«Jours fériés, chômés et payés»

L’attente fut longue. Le suspens en sus. Nombre de Béninois avaient déjà déclaré le lendemain de la Tabasky, jour férié, chômé et payé, avant que cela ne fût officiellement notifié et annoncé. Cette fièvre pour anticiper et prendre de l’avance sur les autorités compétentes, n’est pas innocente. Elle mérite qu’on s’y attarde. Elle est symptomatique d’un certain type de rapport que nous entretenons avec le travail.
Commençons par reconnaître qu’il n’y a de « jours fériés, chômés et payés » que pour une catégorie de citoyens. Ceux qui sont au chômage ont déjà fériés, chômés, mais non payés, tous les jours que Dieu fait. Ils préfèrent, sans nul doute, travailler que de vivre des jours vides et sans contenu.
Par ailleurs, ceux qui s’échinent à créer leur propre emploi et qui s’affirment comme des capitaines à bord de leurs propres entreprises, ne peuvent se sentir heureux face à la kyrielle des « jours fériés, chômés et payés ». Ce sont autant de jours de travail non rentabilisés qu’ils s’obligent de payer à des collaborateurs invités à se la couler douce, dans un chômage doré.
Il apparait ainsi que les « jours fériés, chômés et payés » n’intéressent vraiment que ceux de nos compatriotes qui ont un emploi salarié, dans le public comme dans le privé. Ce qui exclut l’immense majorité des Béninois au travail dans les champs, à la campagne, sur les marchés et sur des plages entières du secteur informel dans les villes. Parlez de « jours fériés, chômés et payés » à un conducteur de taxi-moto. Et vous aurez pris le parti de le condamner à mort. Se trouve placée dans la même situation la tenancière d’un « maquis », ces petits restaurants de quartiers.
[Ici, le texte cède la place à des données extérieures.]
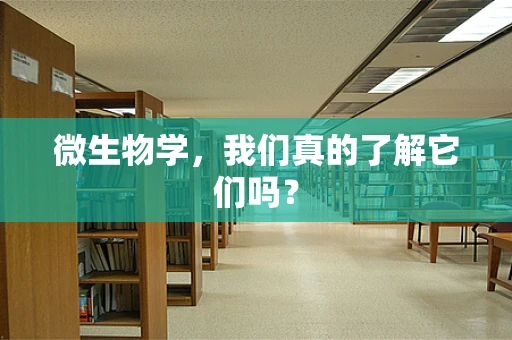 微生物学，我们真的了解它们吗？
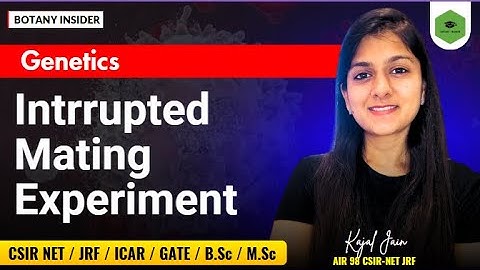 INTERRUPTED MATING EXPERIMENT|| GENETICS |I CSIR-NET ||  LIFE SCIENCE II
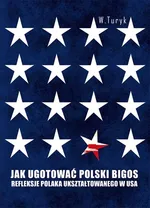 Jak ugotować polski bigos - Wojciech Turyk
Comme on le voit, les « jours fériés, chômés et payés » constituent, par rapport au monde du travail, un phénomène minoritaire. Il ne concerne qu’une infime partie de nos compatriotes. Le tapage fait autour est donc disproportionné, sans commune mesure avec sa valeur sociale. C’est assez marginal pour être élevé au rang d’un fait qui pourrait se confondre avec l’intérêt général des Béninois. Reste qu’il mérite d’être repensé. Il doit faire l’objet d’une réforme de fond.
Quand on est un pays sous-développé où tout est à faire, son atout maître pour relever les défis de la vie, c’est son potentiel de travail. C’est pourquoi le dossier des « jours fériés, chômés et pays » ne saurait faire l’objet d’une gestion laxiste, au petit bonheur la chance. Des pistes de réflexion doivent être dégagées. Le phénomène doit être maîtrisé plutôt que d’être subi. Comme c’est le cas aujourd’hui.
Il s’agira, d’abord, de passer au crible de la critique la liste actuelle de nos jours fériés. La décantation souhaitée à ce niveau soulagera notre agenda d’un certain nombre de jours fériés plus fantaisistes que pertinents.
Il s’agira, ensuite, de disposer de données chiffrées, des statistiques pour évaluer, apprécier le coût, pour l’économie nationale, d’un jour férié, chômé et payé. Car, si nous ne savons pas ce que nous concédons, nous ne saurons jamais ce que nous gagnons, ce que nous perdons. C’est une exigence de l’Etat moderne : avancer en visibilité et en traçabilité, plutôt que de gesticuler comme des nègres de bon teint dans un tunnel.
Il s’agira, encore, de faire obligation, par une loi, d’accompagner tout jour férié, chômé et payé d’un service minimum. Le service du public exige qu’aucune forme de ralentissement de l’activité, au bénéfice de quelques uns, ne se transforme en une paralysie dommageable à l’intérêt de tous.
Il s’agira, enfin, de rendre souple et flexible la législation du travail. Que ceux des citoyens qui ne voudraient pas observer le jour férié, puissent travailler, si telle était leur volonté. L’idée est de comptabiliser à leur profit, au titre des heures supplémentaires, leur prestation. C’est cette belle célébration du travail qui donne à ce proverbe bambara tout son éclat : «Si nombreux que soient les travaux finis, ceux qui restent à faire sont plus nombreux».